Le couple suit ses conseils et envoie plusieurs virements, pour un total de 15 000 euros. D’après les jolis graphiques figurant sur l’application d’ICMarket Trading, ils ont fait une excellente affaire : « On s’est retrouvés à la tête de 52 284 euros, et l’on a voulu récupérer une partie de l’argent. C’est là que les choses se sont gâtées. » Leur placement est en cryptomonnaies, leur explique, toujours gentiment, « Jérôme » : il faut donc les échanger contre des euros, et cela a un coût, une « flat tax » de 30 %. Et 11 000 euros pour tout récupérer, c’est trop : le couple décide de sortir 10 000 euros de son placement et envoie donc un nouveau virement de 3 000 euros, toujours à la même banque, en Lituanie.

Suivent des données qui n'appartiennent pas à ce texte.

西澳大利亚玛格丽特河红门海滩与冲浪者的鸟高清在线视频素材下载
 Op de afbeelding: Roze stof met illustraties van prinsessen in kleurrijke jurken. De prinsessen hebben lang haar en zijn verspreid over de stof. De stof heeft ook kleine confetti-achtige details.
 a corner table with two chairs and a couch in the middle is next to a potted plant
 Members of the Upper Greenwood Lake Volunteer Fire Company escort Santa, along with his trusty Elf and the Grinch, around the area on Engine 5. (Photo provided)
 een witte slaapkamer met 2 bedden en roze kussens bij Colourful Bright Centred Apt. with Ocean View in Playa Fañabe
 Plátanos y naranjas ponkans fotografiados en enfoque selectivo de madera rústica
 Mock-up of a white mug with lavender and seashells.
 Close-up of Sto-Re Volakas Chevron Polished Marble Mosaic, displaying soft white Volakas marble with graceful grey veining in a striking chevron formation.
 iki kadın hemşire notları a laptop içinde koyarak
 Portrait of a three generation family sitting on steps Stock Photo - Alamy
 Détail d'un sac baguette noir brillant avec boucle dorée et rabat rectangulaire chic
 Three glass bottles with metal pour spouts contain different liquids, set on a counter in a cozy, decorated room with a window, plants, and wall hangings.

« Là, notre banque s’est manifestée, poursuit Louise. Ils nous ont appelés en nous disant que l’on avait fait beaucoup de virements importants vers l’étranger et qu’ils nous conseillaient d’être prudents. On a été trop confiants, on a accepté de signer une décharge », demandée par la banque pour procéder au virement. Le couple part une semaine en vacances. Au retour, Jérôme Legrand, un faux nom, a disparu : « C’était le grand silence. Plus aucun moyen de le joindre, compte bloqué sur l’application, plus aucun numéro de téléphone ne répond… C’était terminé. » Louise et son mari ont perdu 18 250 euros. « On sait très bien qu’on ne les reverra jamais », soupire-t-elle.
Le couple est loin d’être le seul à avoir subi ces escroqueries très efficaces qui fonctionnent grâce à un vaste écosystème d’intermédiaires spécialisés travaillant pour des structures criminelles. L’entreprise de cybersécurité Group-IB, qui suit, depuis six ans, les activités d’un groupe criminel opérant ce type d’arnaque à destination de la France et de la Belgique, estime que l’organisation en question a pu dérober, à elle seule, près de 500 millions d’euros.